Die Landung auf dem riesigen Platz Sondrestrom um 1400 UTC verlief völlig unspektakulär. Es hat dort kilometerlange Tarmacs und nicht sehr viel Betrieb. Ein Marshaller winkte mich an den Rand des riesigen Rollfeldes und ich stellte Systeme und Motor ab. Der Marshaller brachte mich dann direkt ins Hotel Kangerlussuaq und ich begann mich sofort mit den Vorbereitungen für den morgigen Tag zu befassen. Ausser dem Flughafen ist hier in Sondrestrom nichts. Es ist der grösste Flughafen in Grönland und dient vor allem den Passagieren von den kleinen Flughäfen zum umsteigen in die grossen Jets, welche sie dann nach Europa oder in die USA oder nach Kanada bringen. Die Basis wurde 1941 von den Amerikanern gebaut und nach dem Ende des Kalten Krieges 1992 den Dänen übergeben. Man ist hier wirklich am Ende der Welt und so fühlte sich auch das Nachtessen in der Kantine des Flughafens an. Englisch sprach niemand und so musste ich meine spärlichen Dänischkenntnisse aus einem früheren Leben anwenden.

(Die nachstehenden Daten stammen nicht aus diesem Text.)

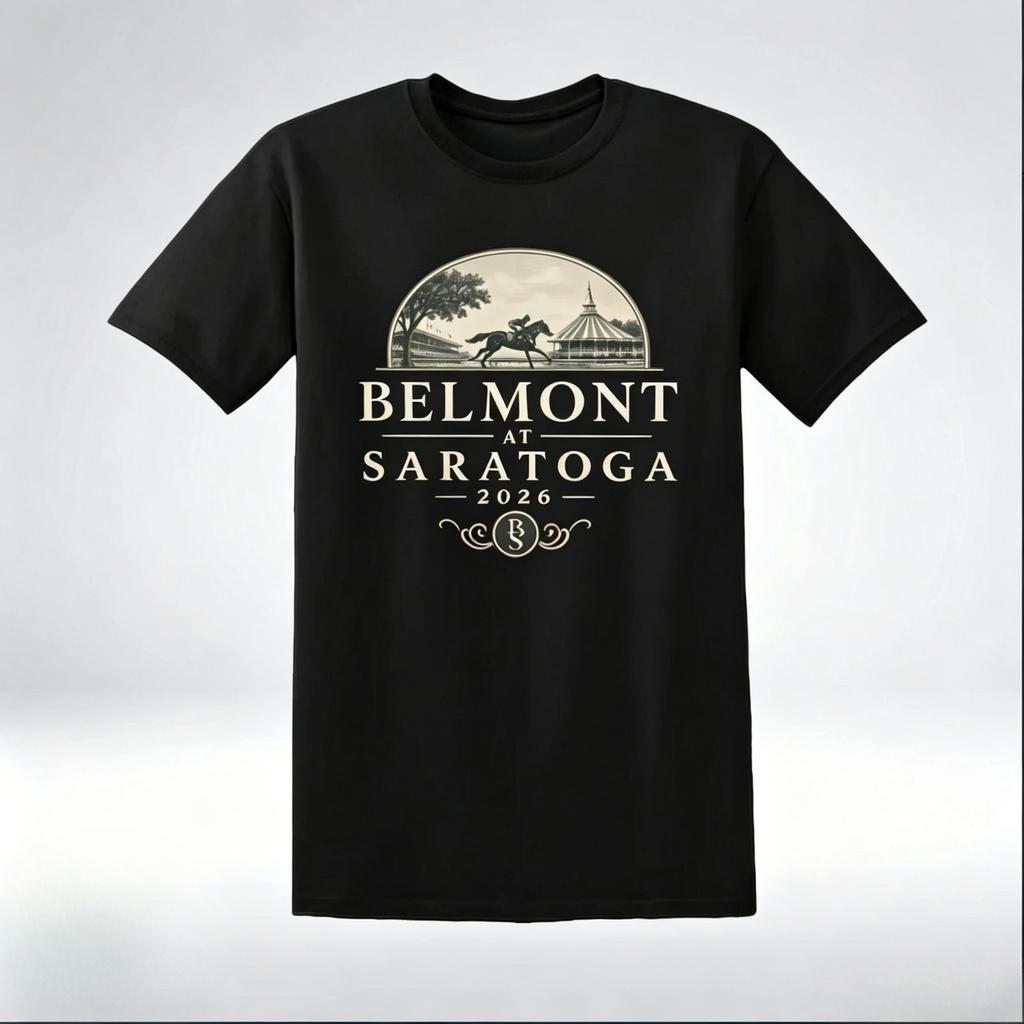 At Saratoga 2026 Horse Racing Fan Tshirt Unisex And Unisex 2026 Summer New Fashion Unisexs Tshirt Cotton Breathable Comfortable Tees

Ich stand nun an der Schwelle zum amerikanischen Kontinent. Falls das Wetter am Folgetag mitmacht würde, hätte ich in Iqaluit CYFB nach 3.5h Flug kanadischen Boden betreten können. Leider hatte ich heute aber erfahren, dass der ominöse Eisbrecher erst Mitte August den Sprit nach Iqaluit CYFB bringen könne. Ich habe mich deshalb – Plan A – entschieden zwei Fässer à 205 Liter einfliegen zu lassen. Nun musste nur noch das Wetter mitmachen!